» DATA SHOWN

:::

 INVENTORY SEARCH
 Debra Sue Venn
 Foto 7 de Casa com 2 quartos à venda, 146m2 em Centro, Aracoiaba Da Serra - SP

:::

» EXERCISE BRIEF
Repeat the listing in its entirety, keeping each line as it is.

» ANSWER BOX
 INVENTORY SEARCH
 Debra Sue Venn
 Foto 7 de Casa com 2 quartos à venda, 146m2 em Centro, Aracoiaba Da Serra - SP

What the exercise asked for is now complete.